Lechler laughs. It is the type of relationship that Marquette King is trying to develop with Janikowski. An undrafted rookie in 2012 who spent last season on injured reserve, King is Janikowski’s new holder. He did it for two years at Fort Valley State, but the kicker there was right-footed. King takes the job seriously. He is as dedicated as he is conscientious. While sidelined last season, he would go to the field by himself and practice his spotting by tossing up the ball and setting it on the spot. Other times he had his girlfriend toss the ball to him. He even had his parents throw the ball to him in the living room, while watching TV, so he could practice spotting it.
“I was constantly working on it,” King says. “You know how you do things so much that you don’t get nervous, you don’t get jitters, because you’re prepared for it? That’s what I wanted to do. I want to do what I can to help other people be successful, so I’m breaking my neck trying to get this right. It’s difficult, now. As soon as you touch the ball, you have to be able to recognize where those laces are, where the spot is, and make sure the ball is tilted correctly. It may look easy, but it’s not.”

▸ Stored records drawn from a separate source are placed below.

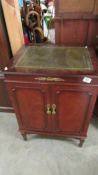 A record player in a mahogany cabinet.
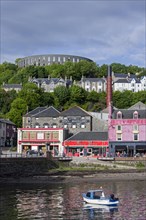 Oban Distillery and McCaig's Tower on Battery Hill overlooking the city Oban
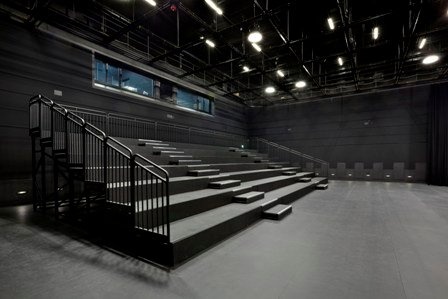 an empty room with stairs and lights on the ceiling is lit by spotlights from above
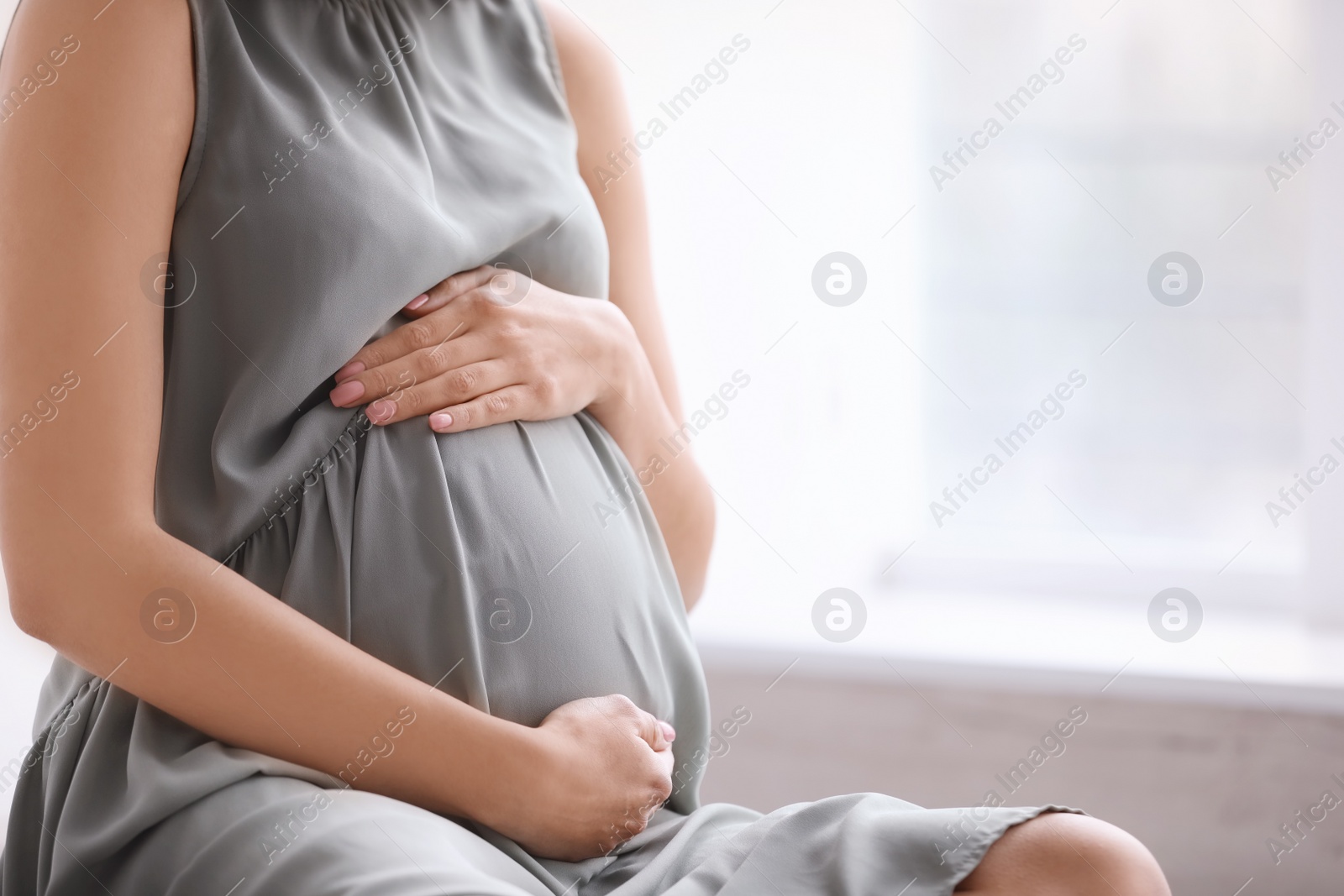 Young pregnant woman at home, closeup Photo of Young pregnant woman at home, closeup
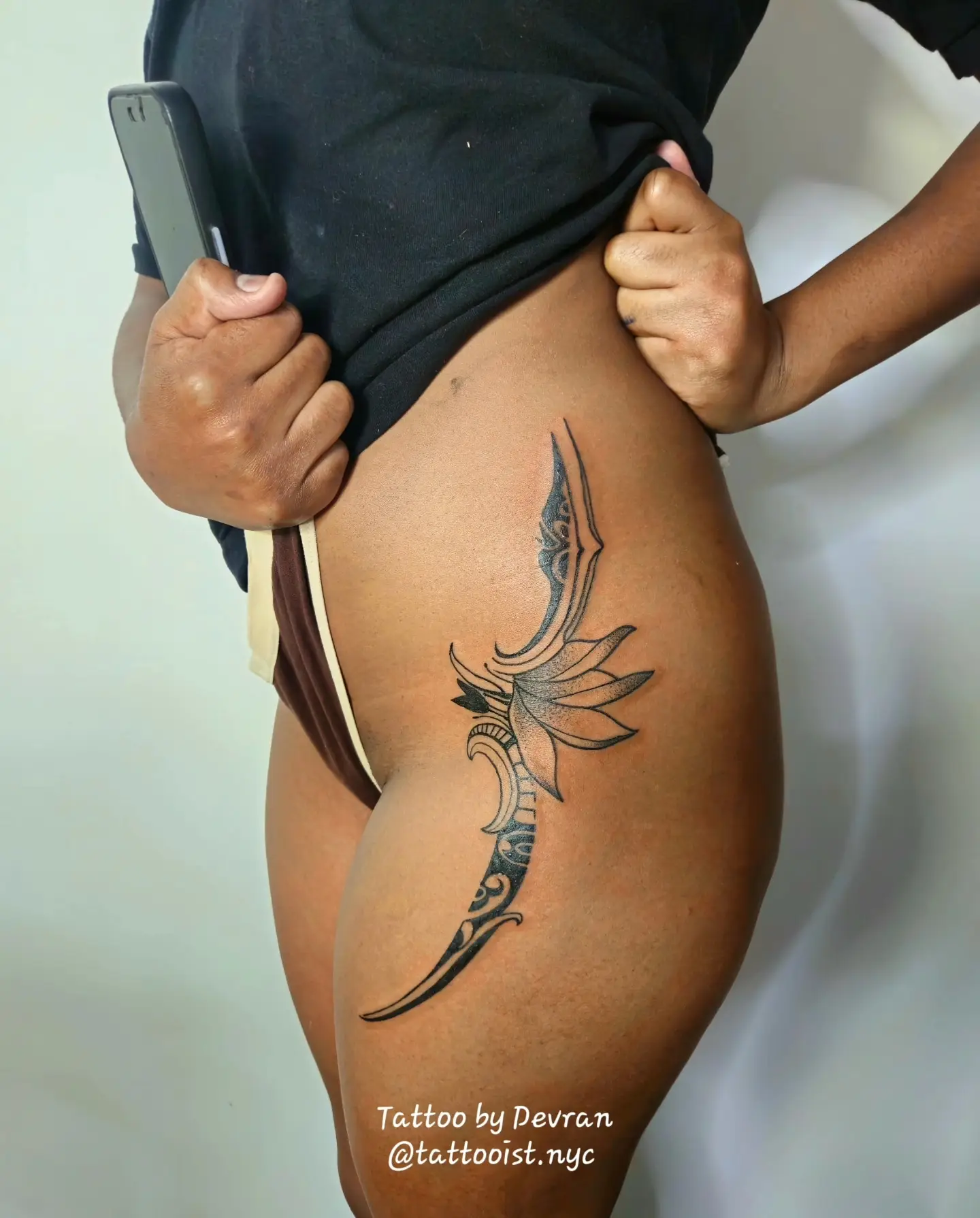 Ornamental dagger and lotus flower tattoo in black ink along the hip and thigh.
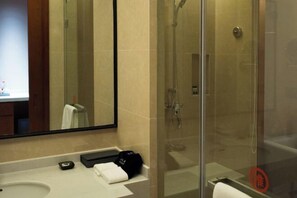A modern bathroom with a glass-enclosed shower, a large mirror, and a sink with a towel and a bag on the counter. - Yuemei Wanxiang Hotel (Zunyi)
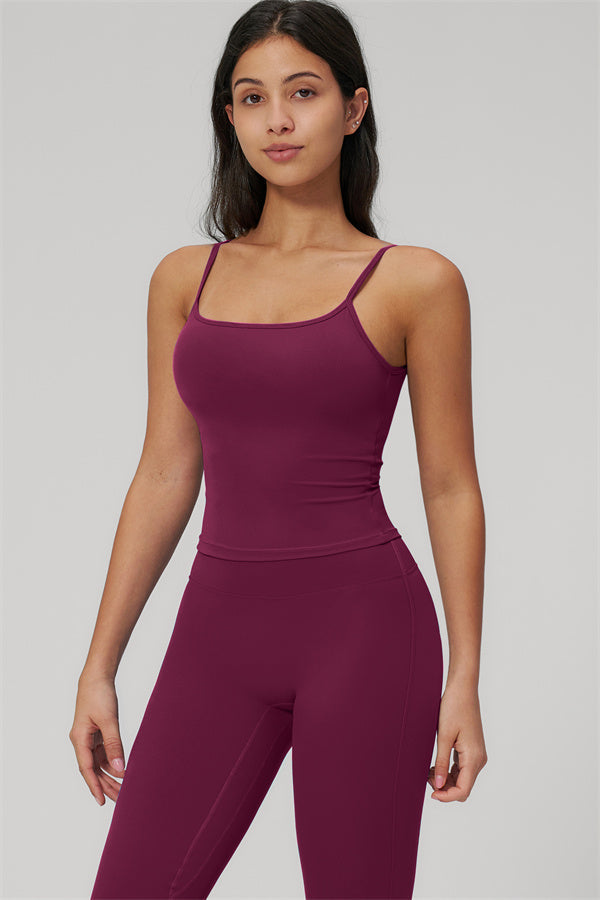 The Rapture Tank Top Flared Leggings 2-Piece Set model wearing a maroon tank top and leggings.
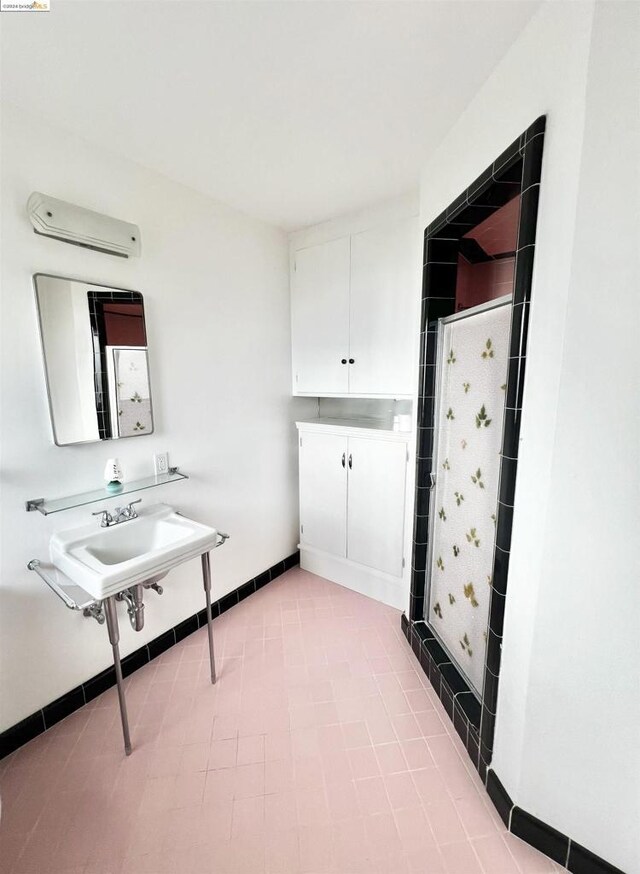 bathroom with tile patterned flooring, a shower, and an AC wall unit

Janikowski missed time in training camp because of a right calf injury, but his misses appear to be non-physical. His 52-yard attempt last week was easily long enough; it sailed offline to the left. Could his struggles simply be psychological? Has he not fully embraced the idea of having a new holder for the first time in 14 years? He admits he hasn’t developed the rapport with King that he had with Lechler—“Me and Marquette might kick in Week 7 or Week 8; you just work on it every week and try to get better”—and he’s also candid when he says there is no substitute for time.

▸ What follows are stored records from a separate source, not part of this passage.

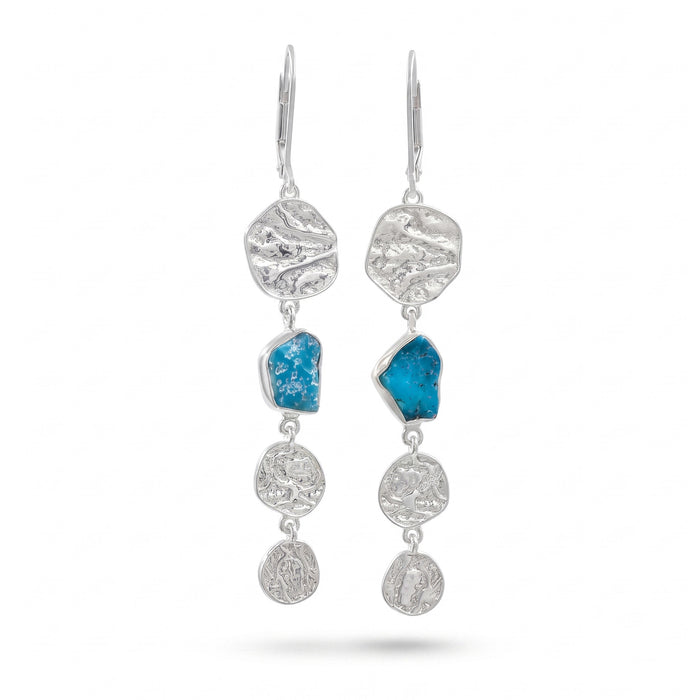 A pair of silver dangle earrings featuring textured silver discs, a small blue stone, and three smaller silver charms, shown on a white background.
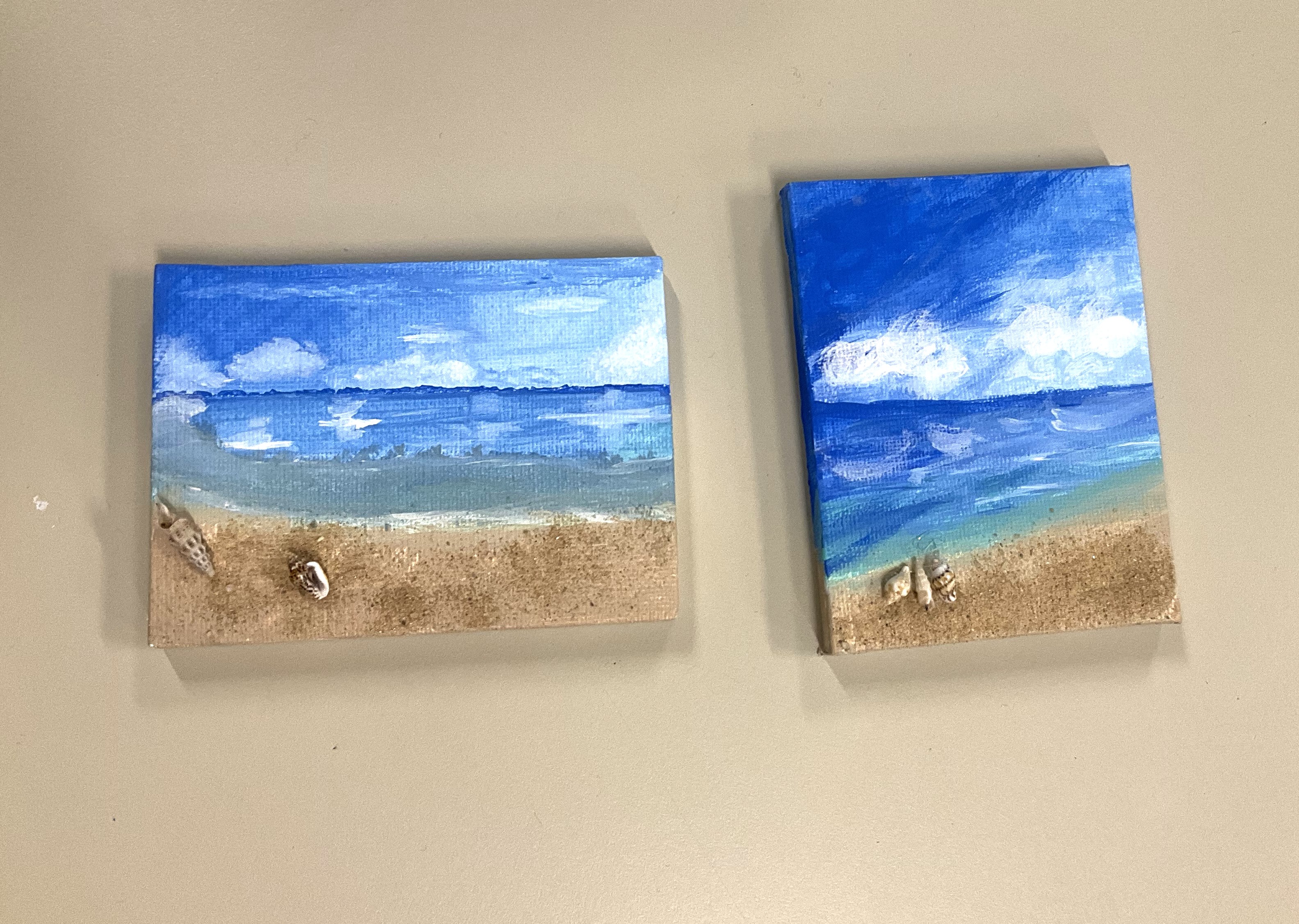 2 small canvasses with a painting of a beach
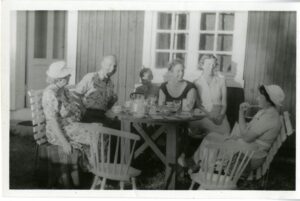 Group of six have a meal outside.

“It’s frustrating to miss, especially if you know you can help the team win the games,” he says. “But we’ve been working on it and hopefully one of these weeks it clicks in and we go 20 for 20. That’s what we have to do, because you always want to get on a roll. Go five for five, 10 for 10, 20 for 20. We can do that.”
He’ll get his next chance to start such a streak Sunday night against the visiting Chargers. History would appear to be on his side, as he has made 16 in a row against San Diego. But if this season has proven one thing—at least to this point—it’s that conversions can no longer be taken for granted when Janikowski jogs onto the field.